RECORDS TO PROCESS Start Marker

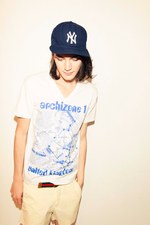 前衛建築家集団アーキグラム×グラニフのコラボTシャツ発売｜写真4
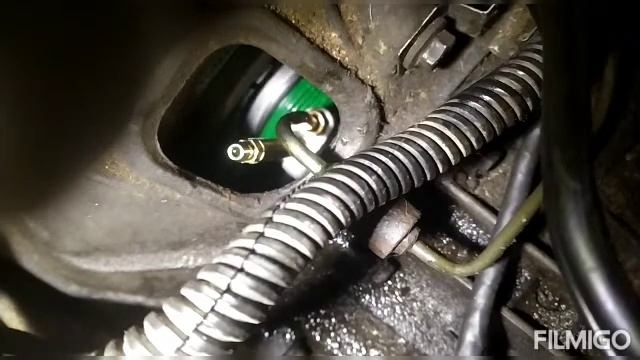 работа выжимного на форд Мондео#ford #mondeo смотреть онлайн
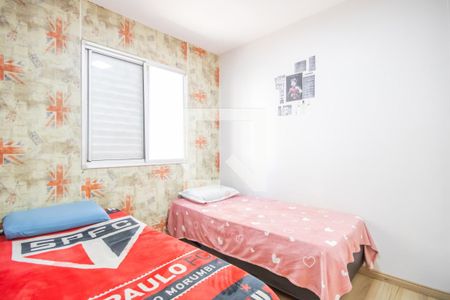 Quarto 2 de apartamento à venda com 3 quartos, 54m² em Conceicao, Osasco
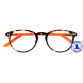 Lunettes de lecture I Need You +2.00 dpt Doctor New brun-orange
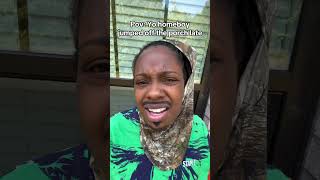 Povyo homeboy jumped off the porch late funny comedyvideo comedy skit [upl. by Renaxela]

RECORDS TO PROCESS End Marker

Take the data above and set it down exactly, images excluded.

 前衛建築家集団アーキグラム×グラニフのコラボTシャツ発売｜写真4
 работа выжимного на форд Мондео#ford #mondeo смотреть онлайн
 Quarto 2 de apartamento à venda com 3 quartos, 54m² em Conceicao, Osasco
 Lunettes de lecture I Need You +2.00 dpt Doctor New brun-orange
 Povyo homeboy jumped off the porch late funny comedyvideo comedy skit [upl. by Renaxela]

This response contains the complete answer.